[Records to use Boundary: Start]

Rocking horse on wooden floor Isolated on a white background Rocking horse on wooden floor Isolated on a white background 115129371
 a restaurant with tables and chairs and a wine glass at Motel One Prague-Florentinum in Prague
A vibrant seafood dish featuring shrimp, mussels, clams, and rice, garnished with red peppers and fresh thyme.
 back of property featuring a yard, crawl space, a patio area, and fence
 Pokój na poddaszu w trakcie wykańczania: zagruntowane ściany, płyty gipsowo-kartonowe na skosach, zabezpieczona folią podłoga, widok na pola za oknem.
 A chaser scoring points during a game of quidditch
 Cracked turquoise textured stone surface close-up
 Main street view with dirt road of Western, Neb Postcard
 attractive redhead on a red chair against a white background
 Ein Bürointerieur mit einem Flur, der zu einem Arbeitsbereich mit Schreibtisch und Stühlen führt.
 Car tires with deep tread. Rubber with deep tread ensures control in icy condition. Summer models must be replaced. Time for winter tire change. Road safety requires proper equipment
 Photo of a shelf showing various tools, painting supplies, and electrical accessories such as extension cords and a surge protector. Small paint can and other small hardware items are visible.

[Records to use Boundary: End]

### [What is being asked]
In the records above, find the line containing "Car tires with"; please retype it and every line after it through the last line, exactly and with nothing else.

### [Task answer]
 Car tires with deep tread. Rubber with deep tread ensures control in icy condition. Summer models must be replaced. Time for winter tire change. Road safety requires proper equipment
 Photo of a shelf showing various tools, painting supplies, and electrical accessories such as extension cords and a surge protector. Small paint can and other small hardware items are visible.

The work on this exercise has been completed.